When we got tired of touring the museum (which took a lot longer for some of us than others), we headed back to our part of Mexico City. Riding the metro is quite an experience, but I'm going to tell you more about that later because I have an interesting story to go with it.

Being out and about all day made me exhausted. So I studied some and went to bed. We've gotten so much information thrown at us so fast! It's crazy how much we're learning, and I have to spend time studying to keep up with it all.

On Thursday, we went to El Museo Anthropologia. This was similar to El Templo Mayor in the kinds of things we saw. Except one huge difference.Well, we'll get there. The rest of my pictures can be found on Facebook here: (http://www.facebook.com/media/set/?set=a.10150176454275044.299089.665665043).

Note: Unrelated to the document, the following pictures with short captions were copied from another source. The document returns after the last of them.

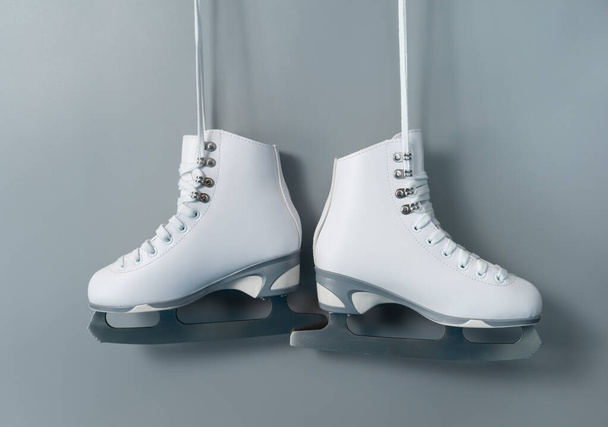 Pair of white figure ice skates shoes on blank gray background - Foto, Imagen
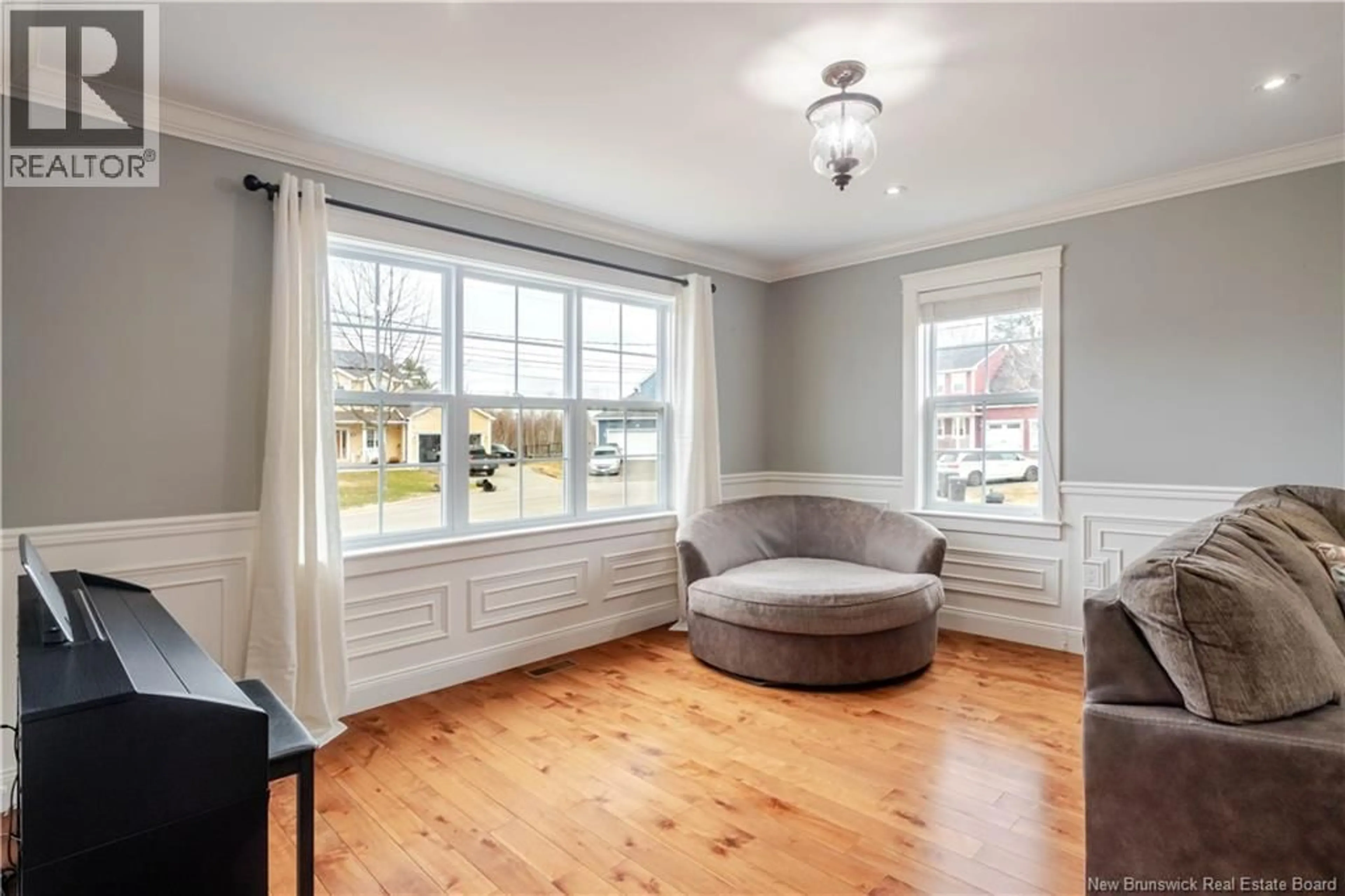 Living room with furniture, wood/laminate floor for 34 MAVIS COURT, Fredericton New Brunswick E3B0E9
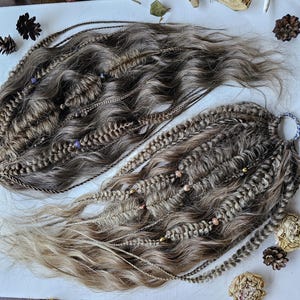 May include: Two sets of brown and blonde dreadlocks with braided and beaded accents. The dreadlocks are arranged on a white surface with decorative elements including pine cones, dried flowers, and a starfish.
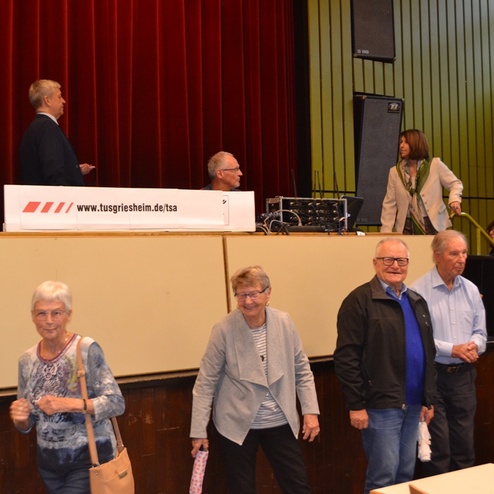 Gruppenszene in einem Veranstaltungsraum mit Menschen, die sich um eine B&uuml;hne mit Technik versammeln.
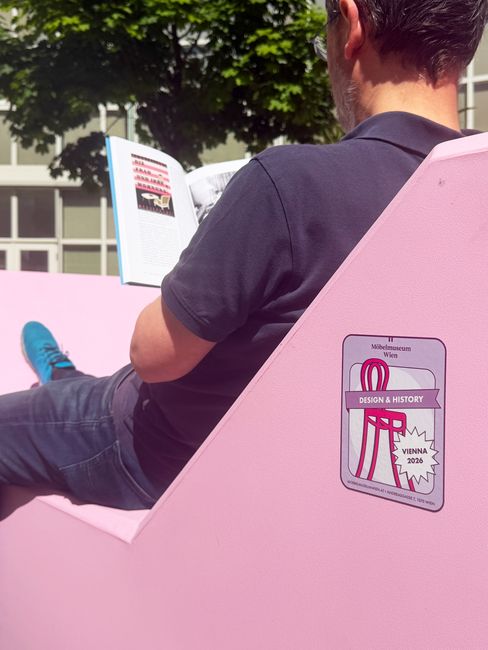 Person sitting on a pink Enzi reading a book; the “Enzi on Tour” graphic is visible on the side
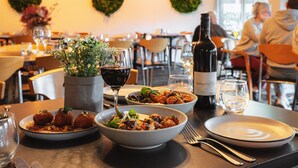 Une table à manger avec des assiettes remplies de nourriture, une bouteille de vin et des verres.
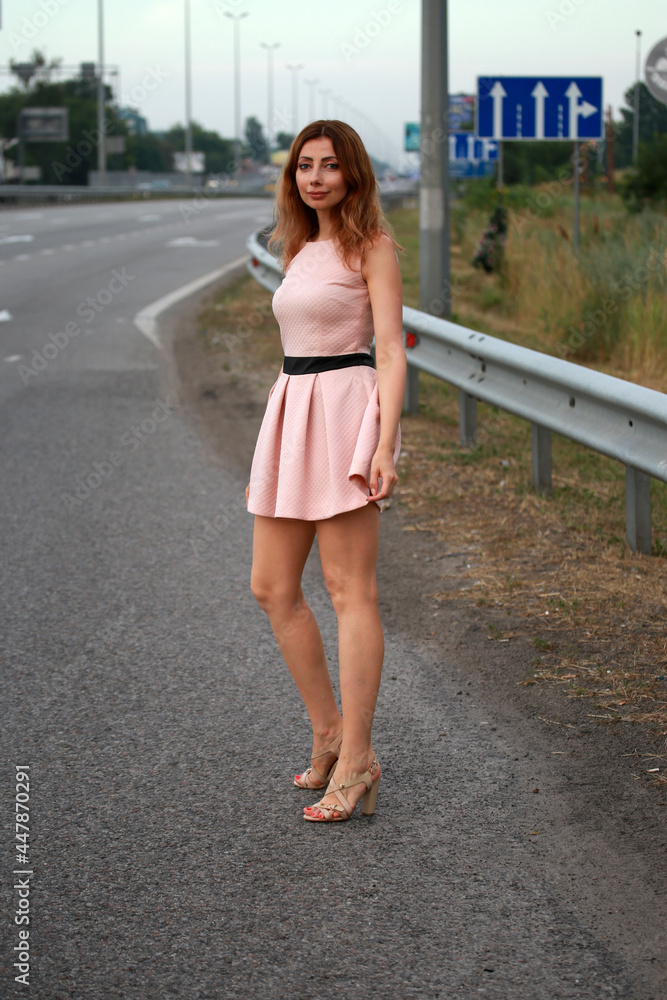 Alone beautiful woman in pink dress standing at the road
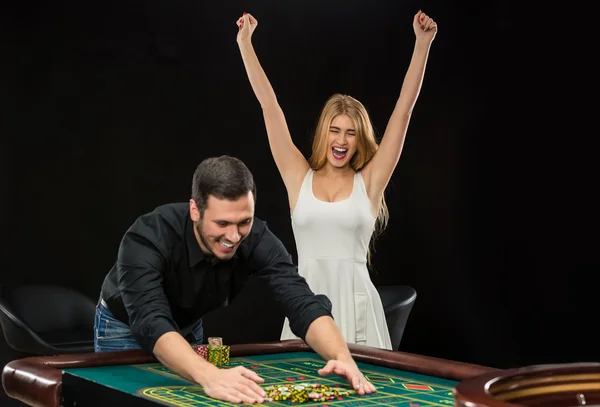 Pareja joven celebrando victoria en la mesa de ruleta en el casino . — Foto de Stock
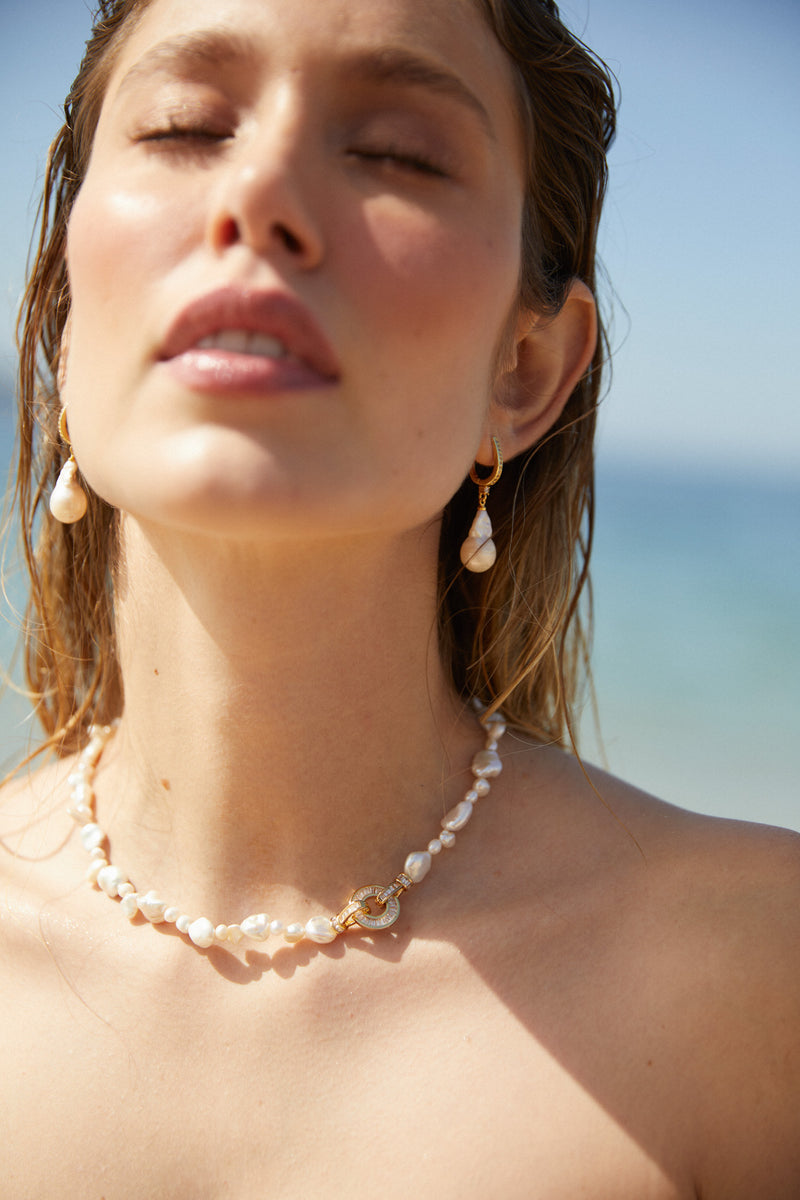 boucles d'oreilles baroques pour mariage en perles naturelles porté par une mariée sur la plaage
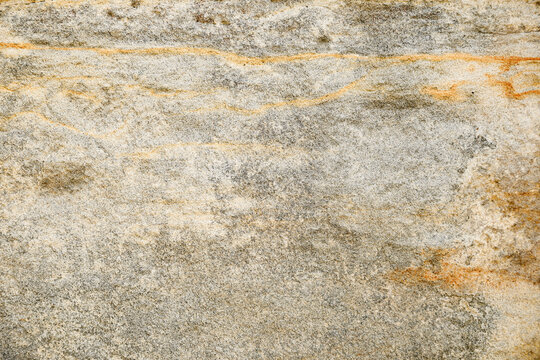 Stone background texture. Old aged beige stone wall or floor, rock pattern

The first thing we saw was this awesome architecture. This is a fountain from the ceiling. The whole ceiling rested on this one post. Yes, this is a modern marvel and not an ancient one. But I'm still a building geek and I loved this one. It was so unique and offered many photographic opportunities.


We went into the museum and met our guide. She lectured for an hour of which I understood maybe a grand total of a dozen words. I need to keep working on my Spanish and understanding the natives.


The coolest thing we saw in El Museo Anthropologia was La Piedra Del Sol.  Basically, this is a giant, 6 ton alter made of stone. Yes, I said alter. As in sacrifices. But look at it! Most people think its a version of the Mexica calendar, but its not. It does, however, have some interesting history and believes worked into its carvings. The four pictures in the center represent four world which have been destroyed. We're now living in the fifth one, which is supposed to be destroyed in a giant earthquake. We'll see about that eventually, I guess.


This was a great museum, but it was a lot of similar stuff to what we'd seen at El Templo Mayor. So, I won't describe a lot of it. Check out the pictures for more awesomeness.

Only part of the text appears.